While my experience was not nearly as traumatic as Dr. Ford’s, it stayed with me for life. Do I remember what year this happened? No. I only know it was during high school, so it must’ve happened sometime between 1986-88. Do I remember where these woods are located? Vaguely. I couldn’t pinpoint the exact location today. Do I remember what I was wearing? No. I only know that I lost a pair of underwear that day. Do I know that it was Brett, though? 100%. You better believe your “devil’s triangle” that I believe Dr. Ford’s testimony completely. Just because someone cannot recall all of the details of a traumatic event, does not make her a liar. And you better believe that if my “Brett” was nominated to the Supreme Court, just as Dr. Ford felt it was her civic duty to speak out, I would do the same.
How can we expect our daughters to feel comfortable coming forward with similar stories, when women are constantly labeled liars for speaking their truth.
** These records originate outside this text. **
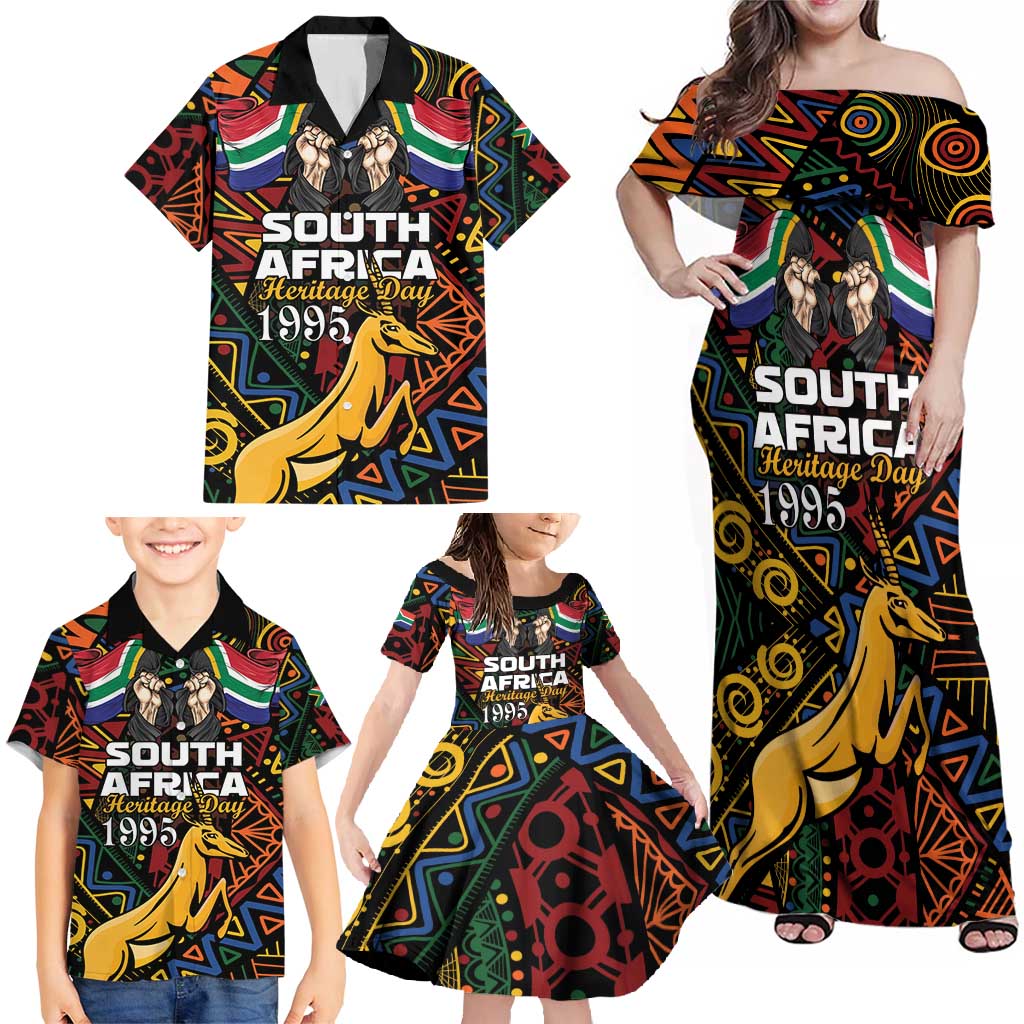 South African Heritage Day Family Matching Off Shoulder Maxi Dress and Hawaiian Shirt Springbok African Pattern - Wonder Print Shop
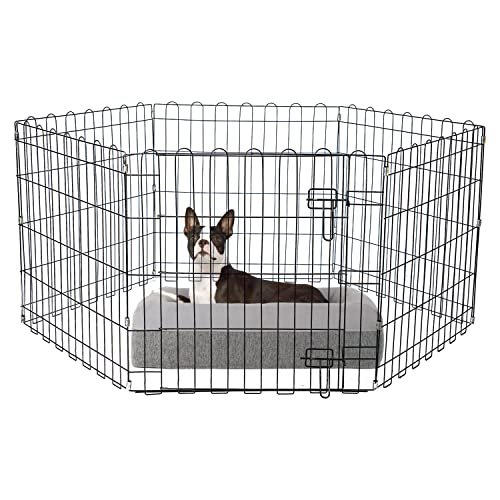 Midwest Homes for Pets Foldable Metal Pet Dog Exercise Fence Pen with Gate - 60 X 60 X 24 Inches, Suitable for All Types of Small Breeds, Puppies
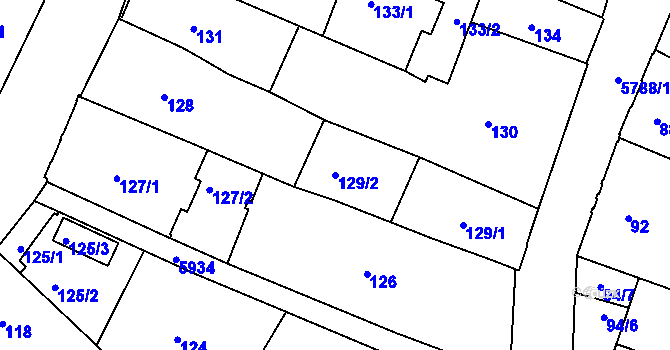 Parcela st. 129/2 v KÚ Liberec, Katastrální mapa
I’m sure that there are women who lie, just as there are men who lie, but we cannot dismiss what any woman has to say.
Several years later, at a friend’s wedding, I ran into my “Brett.” Surprisingly, he pulled me aside and apologized for the incident. I could see that he truly was sorry and I’ve forgiven him. In fact, we’re now friends on social media. The thing is, just as I made the poor choice to follow him into the woods that day, teenagers make mistakes. Brett made a mistake. It’s completely plausible to me that Brett Kavanaugh yucked it up in high school and college, partying, having a great old time. And, maybe, just maybe, he made a mistake while he was drunk and accosted Ms. Ford. And since that time, maybe he’s become a decent human being. But the difference here between my “Brett” and Mr. Kavanaugh, is that my “Brett” did the right thing and owned up to his past mistakes. Mr. Kavanaugh, when faced with Dr. Ford’s accusation, went on the defensive, cried like a baby, and whined like a little piglet.
Regardless of whether Mr. Kavanaugh is telling the truth about having no recollection of Dr. Ford’s accusations, it’s become apparent that Mr. Kavanaugh has not been 100% truthful about other things. For this reason alone, Mr. Kavanaugh does not deserve to sit on the Supreme Court.
As for Mr. Trump, keep up the good work of pissing women off. Don’t be surprised if you run for re-election when you lose. Oink, oink, Mr. Trump.